Dağcılar Ağrı Dağı’nın doruğunda yatırım doğuşunu destekliyor
Yurt içi ve dışından Ağrı’ya gelen dağcılar, buzulları aşıp 5 bin 137 rakımlı Ağrı Dağı‘nın doruğuna ulaşarak, doğuşunu destekliyor.
Türkiye‘nin en yüksek dağı olan Ağrı Dağı, daha çok yaz ayları başta olmak üzere yılın her devri yerli ve yabancı dağcıların ilgi gösterdiği rotaların ortasında yer alıyor.

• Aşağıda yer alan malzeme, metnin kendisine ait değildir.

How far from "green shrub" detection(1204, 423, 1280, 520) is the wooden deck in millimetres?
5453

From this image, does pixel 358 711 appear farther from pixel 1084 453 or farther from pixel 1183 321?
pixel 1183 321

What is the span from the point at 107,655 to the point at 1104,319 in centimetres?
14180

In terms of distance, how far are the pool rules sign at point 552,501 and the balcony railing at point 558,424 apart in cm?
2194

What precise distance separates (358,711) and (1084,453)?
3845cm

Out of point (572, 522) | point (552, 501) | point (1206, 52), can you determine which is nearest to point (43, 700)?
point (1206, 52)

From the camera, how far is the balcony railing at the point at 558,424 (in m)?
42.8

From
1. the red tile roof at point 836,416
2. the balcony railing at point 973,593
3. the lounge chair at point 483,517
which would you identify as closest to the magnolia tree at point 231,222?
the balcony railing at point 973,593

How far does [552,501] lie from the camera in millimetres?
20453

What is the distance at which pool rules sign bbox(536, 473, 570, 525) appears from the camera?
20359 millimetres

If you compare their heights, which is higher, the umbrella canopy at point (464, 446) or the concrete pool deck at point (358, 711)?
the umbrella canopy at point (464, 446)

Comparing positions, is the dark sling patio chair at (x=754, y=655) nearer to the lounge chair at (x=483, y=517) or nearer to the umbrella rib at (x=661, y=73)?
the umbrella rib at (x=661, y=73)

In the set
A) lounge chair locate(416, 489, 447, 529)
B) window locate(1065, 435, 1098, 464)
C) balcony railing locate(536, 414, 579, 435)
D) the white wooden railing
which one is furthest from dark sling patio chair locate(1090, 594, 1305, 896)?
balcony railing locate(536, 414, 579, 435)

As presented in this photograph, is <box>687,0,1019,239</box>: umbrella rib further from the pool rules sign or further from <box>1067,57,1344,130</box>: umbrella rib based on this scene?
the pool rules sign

Doğubayazıt ilçesine gelen dağcılar, rehberler eşliğinde minibüslerle Çevirme ve Ele mezralarına kadar getiriliyor. Buradan eşyalar atlara yüklenen dağcılar, tırmanışa başlayarak 3 bin 200 rakımda bulunan kamp alanına ulaşıyor.
Burada dinlenen ve yemek yiyen dağcılar, kışlık kıyafetlerini giyip hazırlıklarını tamamladıktan sonra gece boyunca güçlü tepe tırmanışına tekrar devam ediyor.
Yaklaşık 5 bin rakımda bulunan buzulların başlangıç noktasına ulaşan dağcılar, sabaha gerçek karlı tabanda kaymak için botlarına buz kramponu takıp bir mühlet yürüdükten sonra doruğa ulaşıyor.
Zirvede doğuşunu izleyip bir süre vakit harcayan dağcılar, daha sonra çıkışlara yoğun tırmanışı tamamlıyor.
“Her seneye sahip olduğu bu yıl daha yoğunuz”
AA muhabirine Rehber Mustafa Arsin, Ağrı Dağı‘nda yoğunluğun giderek arttığını ve bu durumun memnun olduğunu söyledi.
Gelen dağcıların ilçede satın aldıkları konaklamada konakladığını ve bölgede İktisadına katkı sağladıklarını söyleyen Arsin, şöyle konuştu:
“Kışın genellikle iklim sert geçiyor ve olumsuz hava koşulları hava vermediği için biz yağış devrinde çalışmaya başlıyoruz. Bu sene haziran ayrı başlar. Her seneye göre bu yıl daha yoğunuz. Seyahat 2 bin 200 metrede başlıyor. 1-2 yıl önceki Ele mezrası tarafından yol 4×4 araçlarla 3 bin 200 rakımda yer alan kamp alanına kadar gelebiliyor. Dağcılar birinci geceyi burada yapabiliyor, ikinci gece ikinci kamp alanında dinlenip tepe tırmanışına geçiyorlar. Doğubayazıt’tan başlangıç eğitimi tamamlanıyor 5 gün sürüyor.”
“Gördüğüm en hoş dağlardan biri”
Danimarkalı Jakob Rhode, 4 kişilik aile ve bir arkadaşla Türkiye‘ye geldiklerini anlattı.
İlk olarak İstanbul’un çok sıcak ancak çok hoş ve farklı bir kent olduğunu kaydeden Rhode, şunları kaydetti:
“Daha sonra Van ve Doğubayazıt’a geldik, artık de rehberler yardımıyla Ağrı Dağı ‘na tırmanıyoruz. Danimarka’da ve Avrupa’daki bazı dağlarımızda duymuştuk. Daha önceki dağlarda da bulunduk, bu dağdan çok hoş geldiniz. Yalnızca biraz zorlayıcı. Türkiye çok hoş bir ülke, insanları çok misafirperver ve çok sıcak, bizim için çok yeterli bir deneyimdi. Van’dan geldiğimizde Ağrı Dağı ‘nın karlı doruğu çok hoşunuza gitti. Gördüğüm en hoş dağlardan biri.”
Emilie Rhode de daha önceki yüksek rakımlı dağlara tırmandığını fakat Ağrı Dağı‘nın çok farklı bir tecrübe olduğunu söyledi.
Dağın çok hoş yolculuklarını lisana getiren Rhode, “Dağın tek ve tenha olması ve tepeden istediğiniz her yeri görebilmek muhteşem. Bu dağın tepesine çıkmayı dört gözle izliyorum. Ağrı Dağı’nın başka dağlardan farklı, doruğunda her vakit kar bulunuyor. Galiba volkanik hareketlerden oluşan yer halleri burada bilhassa sıra dışı bir hoşluk katmış.” tabirlerini kullandı.